Chapter 10

Less than an hour later, we sit across from Dr. Patel, a neonatologist, for a frank conversation about what to expect with preterm birth.

“It’s nice to meet you.” Dr. Patel gestures to a couch in her office. “Dr. Sharp explained the urgency to begin chemotherapy, and I’ve had a chance to look over your medical record. Before I begin, what is your most pressing question?”

“Will our baby survive?” I jump right in. That’s my first, most pressing thought.

“The short answer is yes,” she says. “Survival at this gestational age has steadily increased over the past several decades. Nearly all of our babies delivered at twenty-eight weeks survive, and less than five percent will have long-term disabilities due to being born prematurely.”

I like her voice. It’s soothing and calm. Already, the pounding in my chest is less than before.

“This is a stressful situation. I like to acknowledge that upfront, but I’ll do my best to help you understand what might happen if your baby is born at twenty-nine weeks.”

“Dr. Sharp said twenty-eight weeks.”

“He’s anxious to begin chemotherapy, but the first thing we want is to accelerate lung maturity. Your OB will give you two shots over two days, and we’ll deliver after that. Looking at your dates, that will put your baby right at twenty-nine weeks. At this point in development, every day matters.”

I swallow, nodding. Her kindness is a balm against my fear.

“Now, let me tell you a bit about what to expect. Your baby will be small and need a special incubator.”

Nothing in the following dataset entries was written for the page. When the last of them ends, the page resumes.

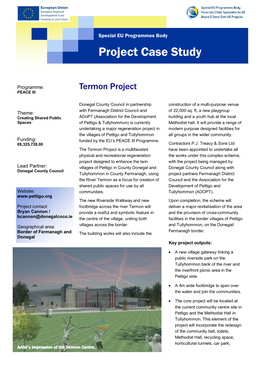 Termon Project PEACE III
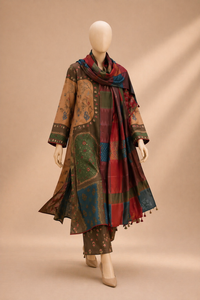 Sapphire D-2110 Lawn Printed 3PC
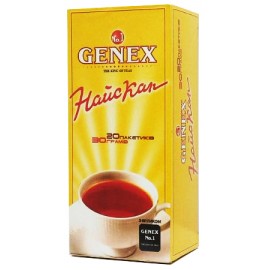 Чай черный Genex Nice Cup 20 пакетиков по 1,5 грамма с ярлыком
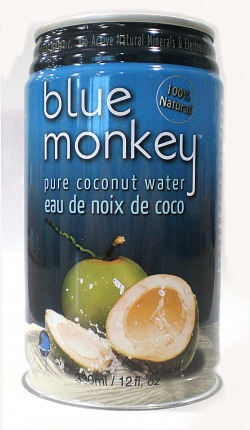 Blue Monkey Coconut Water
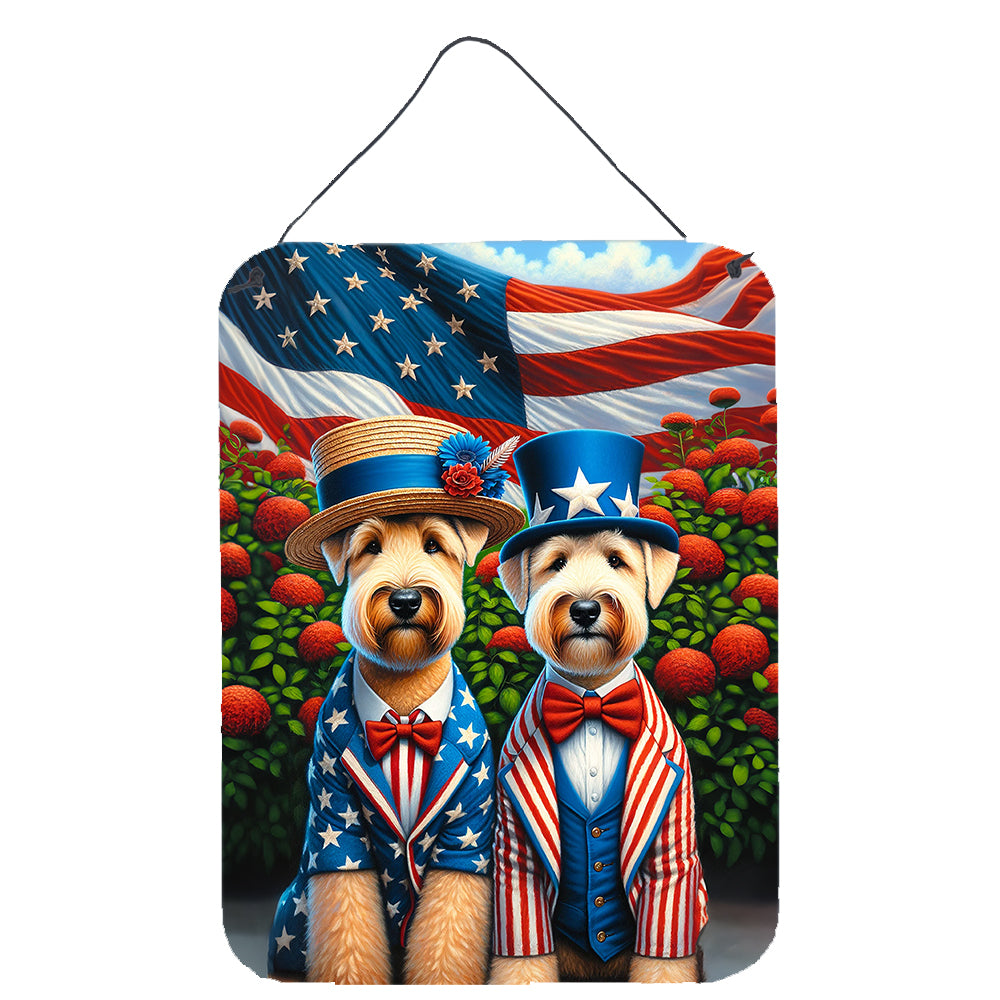 Buy this All American Wheaten Terrier Wall or Door Hanging Prints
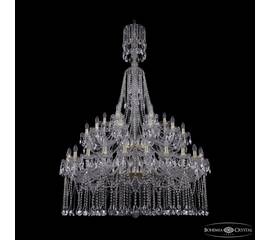 Подвесная люстра Bohemia Ivele Crystal 1413/24+12+6/460/XL-186/2d G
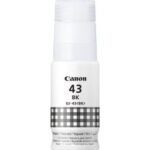 Canon GI-43BK Noir - Bouteille d'encre Canon d'origine (4698C001AA)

I blink, trying to picture my baby, so tiny and vulnerable.

“Lung maturity is the most immediate challenge. At twenty-nine weeks, the lungs aren’t fully developed. The steroid injection helps, but your baby may still need assistance.” She goes on to explain a host of things to consider. Dr. Patel is frank and straightforward, answering all our questions.

Tears prick at my eyes, but I force them back.

“Your baby will need to stay in the Neonatal Intensive Care Unit, or NICU, until he or she is strong enough to go home.”

There’s more. Dr. Patel tells us about an increased risk of infection, feeding problems, and vision and hearing loss—but she explains it all with such care, such empathy that it’s bearable.

Finally, she reaches out to squeeze my hand. “I know this is a lot to process, but while it’s important to understand potential risks, it’s equally important to remember many babies born at this gestational age do very well. Medicine has come a long way.”

Her words are a lifeline, and I cling to them. “Thank you, Dr. Patel,” I whisper, steeling myself for the path ahead. “I want to do what’s best for my baby.” I turn to Noodles, needing his input.

“We appreciate you taking the time to speak with us, and have a much better understanding of what to expect.” He turns to me. “What do you think?”

“I’m scared, but not nearly as much as before.” I turn to Dr. Patel. “What do we do now?”

“I’ll speak to Dr. Johnson. She’ll arrange for you to come in for the steroid injections and arrange for an early delivery. My team will be right there.”

We spend another twenty minutes asking questions. I feel a little more in control, knowing what to expect. As for delivering early, we make the decision to proceed.